Eight to 10 acres, one floor, and access to water and sewer are the ideal requirements for the new site for the reconstruction of the Prescott and Russell Residence.
At its council meeting on June 28, the United Counties of Prescott and Russell voted to hire Colliers Project Leaders to find one such site.
In addition to the finding the site, the group will also be in charge of creating an application for a $250,000 planning grant.
New provincial standards mean the residence needs to be rebuilt by 2025. The 146-bed facility has been on Cartier Boulevard in Hawkesbury since 1977.
The funding is part of Construction Funding Subsidy Policy for Long-Term Care Homes, introduce by the province in 2015.
The $250,000 is a one-time planning grant that’s only available for not-for-profit long-term care homes like the P-R Residence.
In addition to the grant, UCPR is also looking to apply to the construction funding subsidy (CFS) also under the policy. The maximum a residence can received through the CFS is $23.03 per bed per day and would only kick in after construction.
During Colliers’ presentation during the meeting, Andrew Rodrigues, the firm’s project manager, mentioned potentially looking at other avenues to generate revenue with the new facility. For example, trading in residence beds for palliative care beds, and adding preferred accommodation rates.
But that work would come with a fee.
Colliers’ current approved mandate is to find a site and complete the application, which will cost the UCPR $35,000.

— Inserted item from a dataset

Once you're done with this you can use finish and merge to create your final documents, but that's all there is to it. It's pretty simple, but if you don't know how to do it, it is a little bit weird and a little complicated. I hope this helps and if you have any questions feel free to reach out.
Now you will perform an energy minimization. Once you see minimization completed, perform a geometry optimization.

Municipalities are allowed to submit suggestions for the site; there have already been talks of one in St-Isidore.
But at its meeting concerning the residence in March, United Counties CAO Stéphane Parisien advised council to consider proximity to a hospital, i.e. thinking of keeping the residence in Hawkesbury.

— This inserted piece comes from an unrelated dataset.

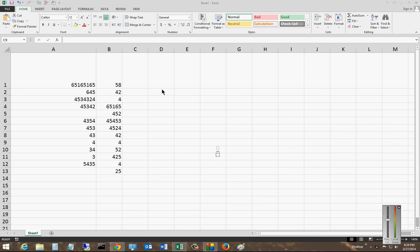We are in Excel 2013. I'm going to show you how to use the Undo command and some of the different options involved.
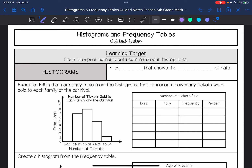We're going to talk about histograms and frequency tables. My learning target is: I can interpret numeric data summarized in histograms. A histogram is a graph that shows the frequency of data. If you don't know what frequency means, it basically means how often something occurs.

Mayor Dicaire suggested breaking up the residence into multiple smaller sites to better serve the entirety of Prescott-Russell, not just a portion.
Mayor Desjardins quickly rebuked that idea.
“I don’t agree with separating the beds,” he said. “All you’re going to do is add more costs, more administration… It should be out of the question.”
Towards the end of the delegation, Mayor Dicaire and Warden Barton raised the idea of tipping council’s hand when it came to deciding on a site and being up-charged by the landowner.
“That’s always something we face,” said Parisien. “We’re going to try and be as under the radar as we can be.”
“We have to be careful that we don’t say, ‘This is our preferred site’,” said Barton.
“The way I’d like to leave this is we select a site and we acquire it,” said Parisien. “We’ve been talking about this for too long. I think the first step is acquiring the said land to move forward.”